Zostawił dziecko bez opieki i przepadł
Płaczące dziecko, zaniepokoiło sąsiadkę. Drzwi do mieszkania były otwarte, a obok stał zapłakany, wystraszony chłopiec w wieku 3 lat. Jastrzębianka powiadomiła dyżurnego policji. Patrol rozpoczął poszukiwania rodziców. Matka znalazła się po kilku minutach.

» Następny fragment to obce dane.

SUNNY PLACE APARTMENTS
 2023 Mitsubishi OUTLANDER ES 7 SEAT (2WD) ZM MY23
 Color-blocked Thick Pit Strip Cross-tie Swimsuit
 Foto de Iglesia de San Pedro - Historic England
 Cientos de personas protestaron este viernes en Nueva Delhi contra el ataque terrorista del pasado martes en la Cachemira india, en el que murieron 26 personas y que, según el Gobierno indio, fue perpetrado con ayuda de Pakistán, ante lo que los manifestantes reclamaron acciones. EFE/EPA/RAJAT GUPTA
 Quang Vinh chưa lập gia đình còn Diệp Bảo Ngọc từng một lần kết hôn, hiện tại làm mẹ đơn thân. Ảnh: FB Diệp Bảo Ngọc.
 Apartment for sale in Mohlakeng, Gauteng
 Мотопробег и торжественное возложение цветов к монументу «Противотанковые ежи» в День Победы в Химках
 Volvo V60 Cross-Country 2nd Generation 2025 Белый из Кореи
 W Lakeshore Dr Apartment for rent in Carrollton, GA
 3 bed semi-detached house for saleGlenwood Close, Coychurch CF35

Dyżurny jastrzębskiej komendy kilka minut po godzinie otrzymał informację, że kobieta zastała w otwartym mieszkaniu płaczące dziecko. Mieszkanka ulicy Wielkopolskiej, około godziny 7.45 wychodząc z mieszkania, usłyszała głos płaczącego dziecka. Drzwi do mieszkania były otwarte, a obok stał chłopiec w wieku 3 lat. Jastrzębianka, widząc, że w mieszkaniu nie ma nikogo, zabrała dziecko do siebie i zadzwoniła na policję. Mundurowym, udało się ustalić numer telefonu do matki dziecka, która po chwili była już na miejscu. 27-letnia kobieta, powiedziała, że dzień wcześniej pokłóciła się z partnerem i opuściła mieszkanie. Syn został z ojcem, 37-latek miał zaopiekować się synem. Kobieta była trzeźwa, nie wiedziała, gdzie może przebywać mężczyzna i dlaczego zostawił 3-latka bez opieki. Obecnie wyjaśniane są okoliczności, jak doszło do pozostawienia dziecka, samego, bez jakiejkolwiek opieki przez ojca. Stosowna dokumentacja dotycząca braku opieki zostanie skierowana do sądu rodzinnego.